Task statement
In the entries below, which lines run from the one with "Kundenspezifisches Design gravierte" through the one with "Зеленый сноубордическая куртка sycamore"? Repeat exactly those, both included, and no pictures.

Excerpted data
BEGIN
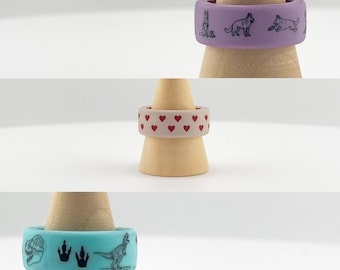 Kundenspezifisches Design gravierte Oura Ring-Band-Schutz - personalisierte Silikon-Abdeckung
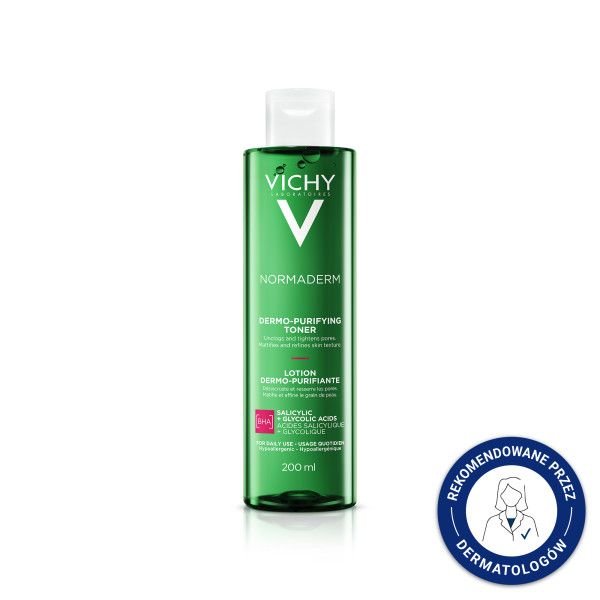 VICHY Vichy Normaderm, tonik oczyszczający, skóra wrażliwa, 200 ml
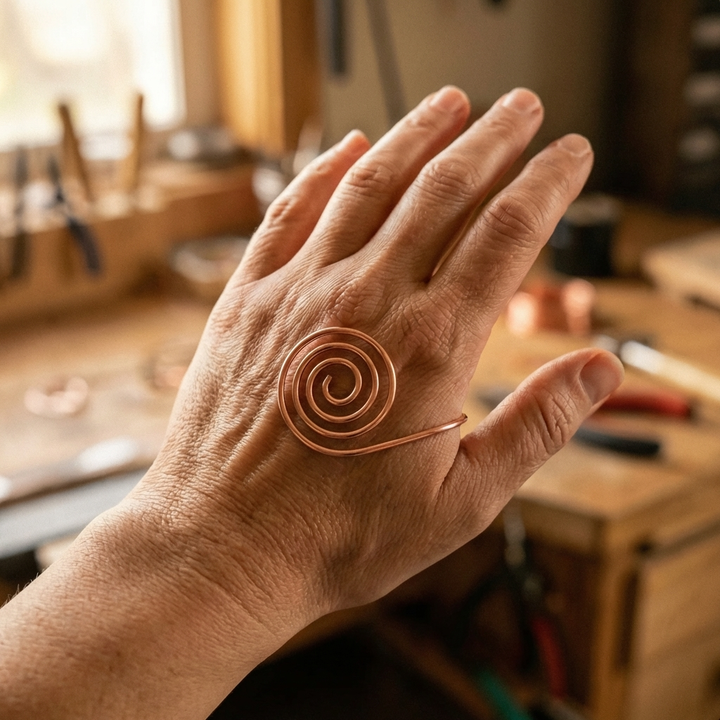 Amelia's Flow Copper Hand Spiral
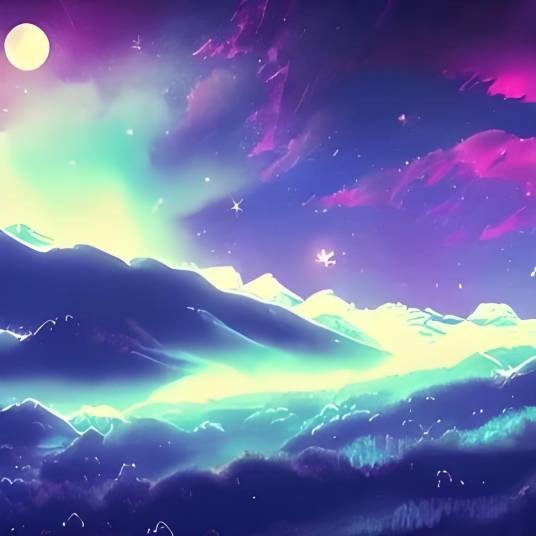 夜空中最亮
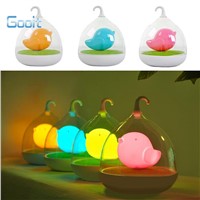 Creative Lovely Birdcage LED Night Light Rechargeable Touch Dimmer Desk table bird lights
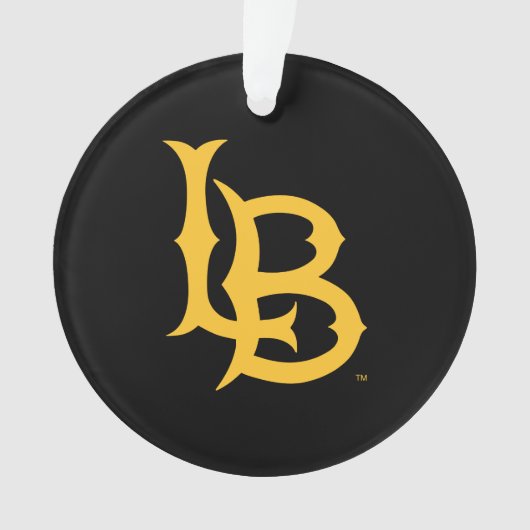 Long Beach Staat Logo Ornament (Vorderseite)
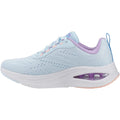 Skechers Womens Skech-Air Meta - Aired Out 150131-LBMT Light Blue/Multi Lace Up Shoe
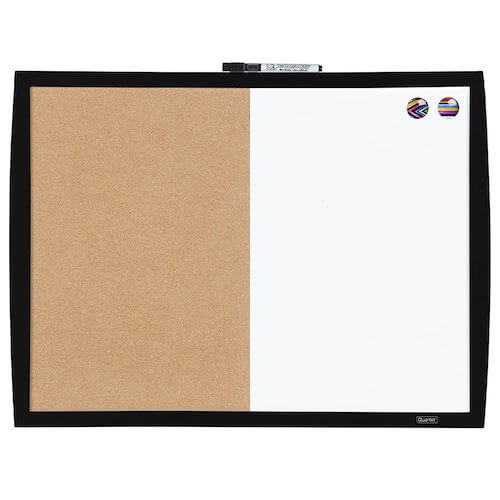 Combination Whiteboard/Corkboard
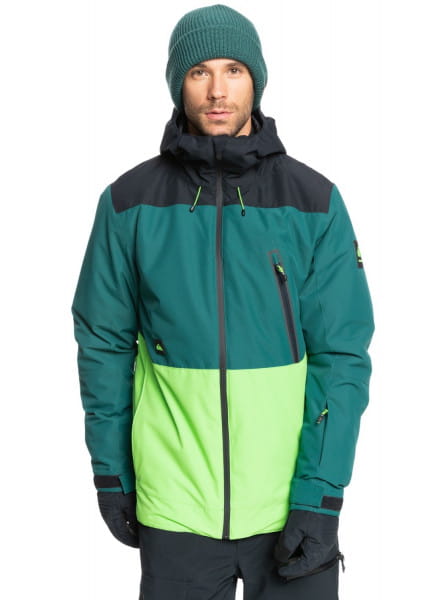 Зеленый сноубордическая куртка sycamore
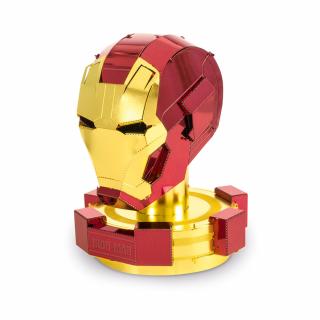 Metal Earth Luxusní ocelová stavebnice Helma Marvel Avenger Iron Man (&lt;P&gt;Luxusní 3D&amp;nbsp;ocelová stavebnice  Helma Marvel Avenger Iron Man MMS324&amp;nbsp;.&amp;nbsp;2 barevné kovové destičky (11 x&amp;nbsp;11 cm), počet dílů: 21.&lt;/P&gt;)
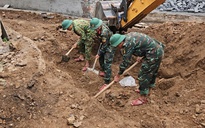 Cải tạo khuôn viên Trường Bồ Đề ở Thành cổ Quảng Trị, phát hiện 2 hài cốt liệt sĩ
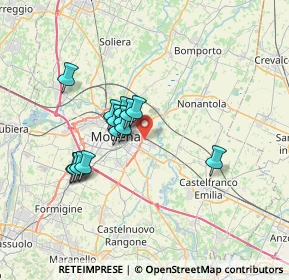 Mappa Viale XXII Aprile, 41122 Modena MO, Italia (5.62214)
END
BEGIN
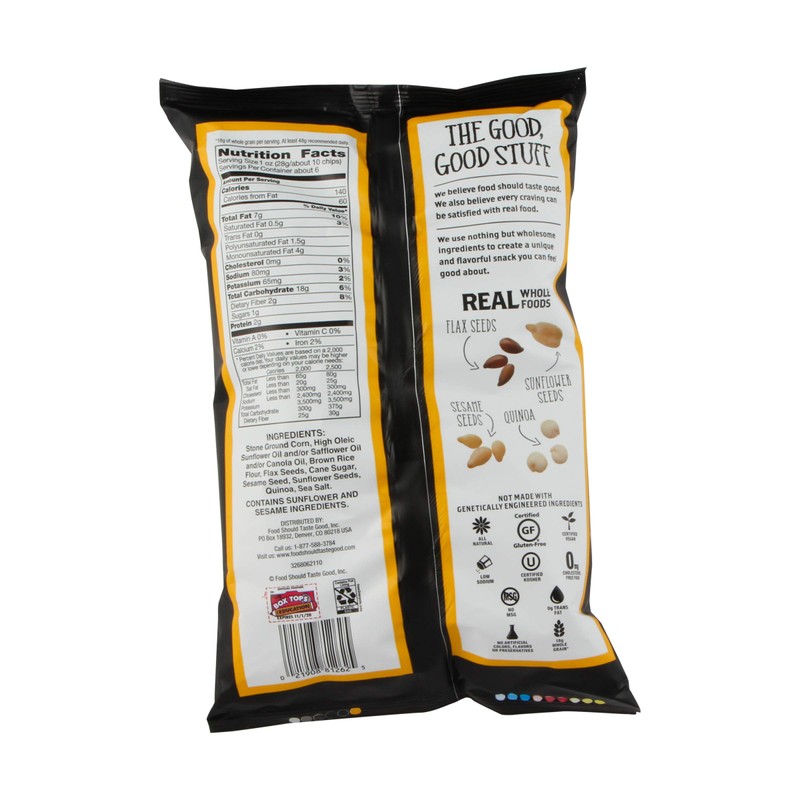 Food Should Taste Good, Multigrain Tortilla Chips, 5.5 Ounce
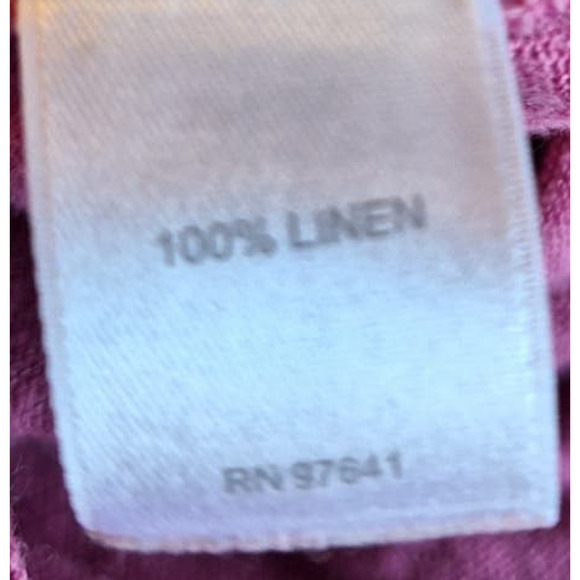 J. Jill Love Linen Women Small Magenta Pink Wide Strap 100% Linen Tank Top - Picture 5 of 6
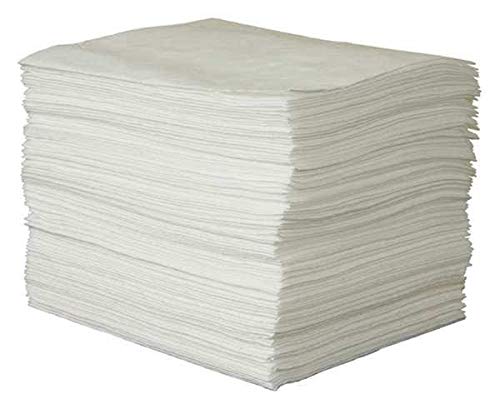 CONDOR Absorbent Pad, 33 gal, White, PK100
END
Task answer
 Kundenspezifisches Design gravierte Oura Ring-Band-Schutz - personalisierte Silikon-Abdeckung
 VICHY Vichy Normaderm, tonik oczyszczający, skóra wrażliwa, 200 ml
 Amelia's Flow Copper Hand Spiral
 夜空中最亮
 Creative Lovely Birdcage LED Night Light Rechargeable Touch Dimmer Desk table bird lights
 Long Beach Staat Logo Ornament (Vorderseite)
 Skechers Womens Skech-Air Meta - Aired Out 150131-LBMT Light Blue/Multi Lace Up Shoe
 Combination Whiteboard/Corkboard
 Зеленый сноубордическая куртка sycamore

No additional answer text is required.